PC based sound card. Thing that I have left long time ago. Just got a time to visit my friend’s with his new toy, a PC based audio source equipped with the latest PCI-E sound card, ASUS Xonar Essence STX II 7.1. It might worth to have a look (and listen) for a while.

The card itself has a common “Lion Tiger” logo found in many of other ASUS product. The logo actually engraved in the top plate which also acts as a shield for the components underneath this plate. Some says this can help to shield against outside interference – which is true.

We can also easily see Nichicon Fine Gold capacitor here. And some solid capacitor in some position.

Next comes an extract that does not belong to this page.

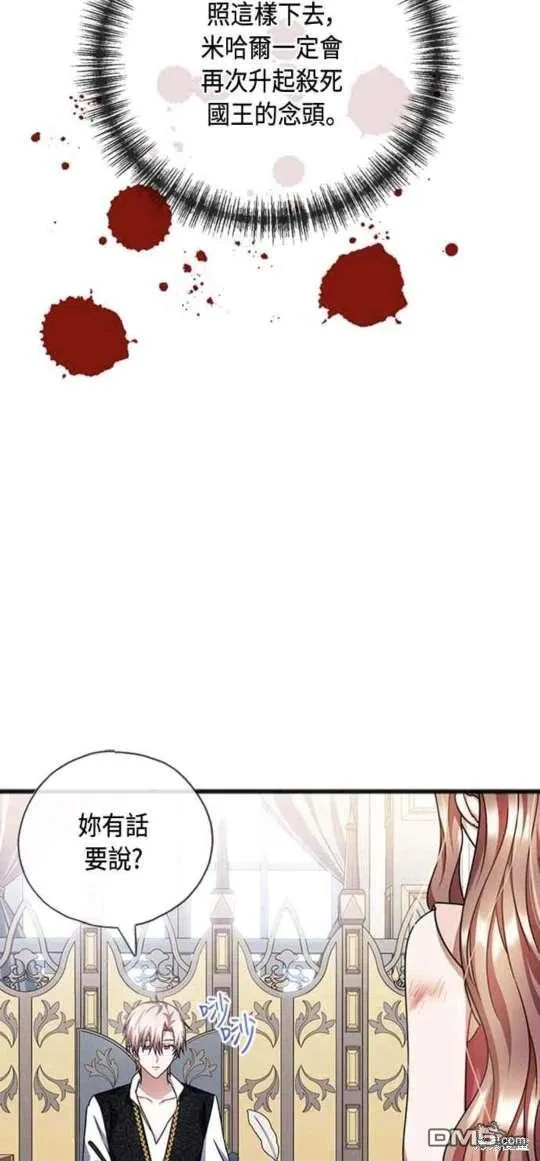 第81话 第26页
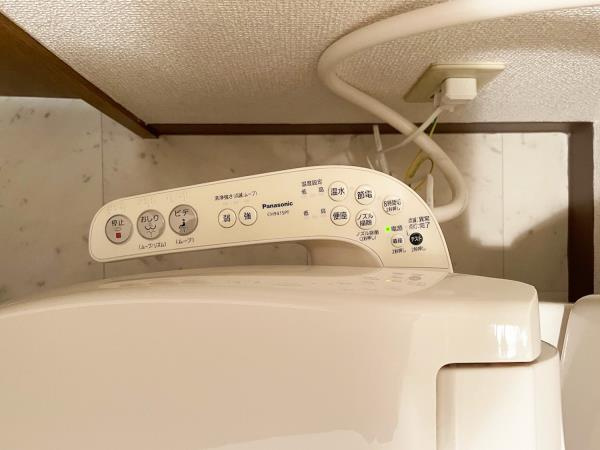 メゾンベール南麻布のトイレ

Under the plate, we can see some more interesting stuff – MUSES Op-Amp from New Japan Radio Co., Ltd. This time, we are seeing MUSES 8820 (Bipolar) and MUSES 8920 (JFet). Why ASUS is using different type? It’s simply because not everyone is best when it comes to specific task – or commonly said as the right man at the right position. And ASUS simply believes that. Therefore, with all consideration, they are using different Op-Amp on different position.


The DAC itself is PCM1792 which is considered as one of the premium DAC available on the market. Definitely the idea is so clear that ASUS is targeting a serious listener for this sound card – not just a typical PC user or gamer.


But off course, using too many expensive parts will also easily brings the product cost into a high price band. Therefore, we can see some cost saving here. The extra 6 channels which is located in add-on card and connected with ribbon wire to main board  will be using only lower grade DAC (PCM1796) and LM4562NA + JRC 2114D Op-Amp combo. Frankly speaking, this combination also not a cheap combo, but still more affordable than the one used at main stereo channel (MUSES 8820 + MUSES 8920 and PCM1792).

By the way, it has also a dedicated plug for headphone and equipped with dedicated headphone amplifier. So it might be interesting for you who enjoy your headphone quite a lot.


We connect this setup with a multimedia speaker Logitech Z960 to feel the multichannel atmosphere and also to a pair of speaker in home audio setup (2A3/solid state amplifier and a pair of bookshelf speaker).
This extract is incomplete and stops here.